On Thu, Mar 10, 2016 at 11:18 AM, Thomas Eckardt <thomas.ecka...@thockar.com
> wrote:

> Just think about the logic behind Bayesian and HMM - this will answer your
> question.
>
> Having the same mail in the spam folder multiple times, this will score
> the content to extreme spam havy, even your users are using the same
> content - but less often.
>
> Thomas
>
>
>
>
>
> Von:    K Post <nntp.p...@gmail.com>
> An:     ASSP development mailing list <assp-test@lists.sourceforge.net>
> Datum:  10.03.2016 16:58
> Betreff:        Re: [Assp-test] Max Number Duplicate File Names
>
>
>
> I know you're all RTFM, but there's plenty of places in the GUI where the
> description isn't exactly clear or right.  For example
>
> MaxFiles
> If you're not using subjects as file names ( UseSubjectsAsMaillogNames ),
> this is the maximum number of files to keep in each collection (spam &
> nonspam)
> It's actually less than this -- files get a random number between 1 and
> MaxFiles.
>
> I AM using file names and MaxFiles DOES control the maximum number of
> files
> in each collection, despite what the description says when
> MaintBayesCollection is on and no max age is set. The language is not
> clear
> and that makes us assume things, sometimes incorrectly, about what the GUI
> really mean.  We've been working this way since ASSP came out.  Because of
> this, I had no way of knowing that MaxAllowedDups >really< only applied to
> the spam collection.  I assumed the GUI meant the whole log of spam and
> NOTspam.  I don't think that's an unreasonable assumption, or call it an
> oversight, or a mistake on my part - but none of that justifies and angry
> sounding response from you.
>
>  I'm not looking for a fight, but I feel like I have to keep justifying
> myself after you appear to be so angry with me, and the rest of us, who
> turn to you for enlightenment.  You're carrying the entire weight of this
> project on your shoulders.  It's a lot, I know,  Can we move on and have a
> reasonable discussion here?
>
> Is there a reason that MaxAllowedDups shouldn't also apply to the notspam
> collection?   Shouldn't we want that to be the case for the same reason
> that we have it for spam?   Maybe also to the errors collections?
>
> If we don't, wouldn't the case where a staff member sends the same basic
> message to 5000 people (against my wishes, but I can't control everything)

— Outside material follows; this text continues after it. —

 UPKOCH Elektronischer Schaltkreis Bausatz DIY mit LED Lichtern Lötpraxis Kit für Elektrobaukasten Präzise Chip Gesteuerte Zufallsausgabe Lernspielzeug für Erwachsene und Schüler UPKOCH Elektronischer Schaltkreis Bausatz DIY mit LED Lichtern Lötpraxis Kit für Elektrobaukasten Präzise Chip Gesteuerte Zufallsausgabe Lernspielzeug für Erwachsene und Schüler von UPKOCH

> that'll take 1/3 of the other notspam messages out of the rebuild
> processes?  How about if 20k messages are sent?
>
> Maybe I'm just not understanding, and that's why I'm asking, but I hope it
> doesn't result in any more scolding.
>
> Thank you
>
>
> On Thu, Mar 10, 2016 at 4:15 AM, Thomas Eckardt
> <thomas.ecka...@thockar.com>
> wrote:
>
> > >There are about 600 of those files in NotSpam.
> >
> > 'MaxAllowedDups','Max Number of Duplicate File Names'
> >   'The maximum number of logged files with the same filename (subject)

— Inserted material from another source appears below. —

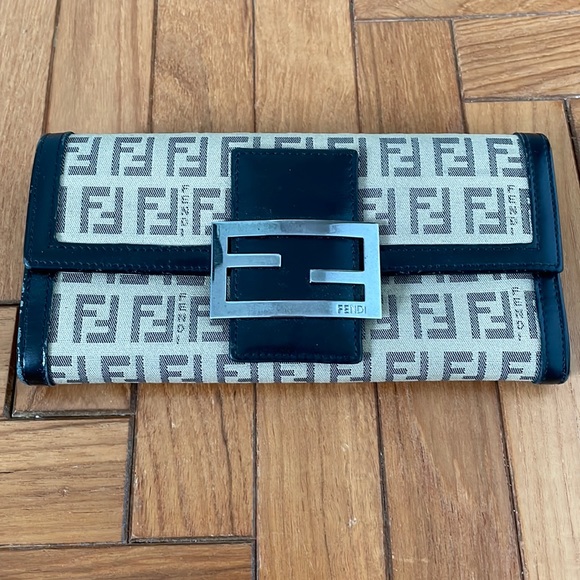 Handbags - Vintage Fendi wallet in decent condition with only minor wear.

> > that are stored in the spam folder (spamlog),........
> >
> > I'll write in Hebrew - possibly the english is better, if you translate
> it
> > back to english.
> >
> > Thomas
> >
> >
> >
> > Von:    K Post <nntp.p...@gmail.com>
> > An:     ASSP development mailing list <assp-test@lists.sourceforge.net>
> > Datum:  10.03.2016 00:29
> > Betreff:        [Assp-test] Max Number Duplicate File Names
> >
> >
> >
> > I've got UseSubjectAsMaillogNames checked (the messages are stored in
> the
> > folders user the subject name followed by a 6 digit number as expected)
> >
> > I've got MaxAllowedDups set to 3
> >
> > MaxBayesFileAge is 0
> > MaxFiles is 15000
> >
> > I'm noticing that MaxAllowedDups doesn't seem to be working.
> >
> > For example, a couple users often send emails with the subject
> > "Your Donation Receipt"
> > There are about 600 of those files in NotSpam.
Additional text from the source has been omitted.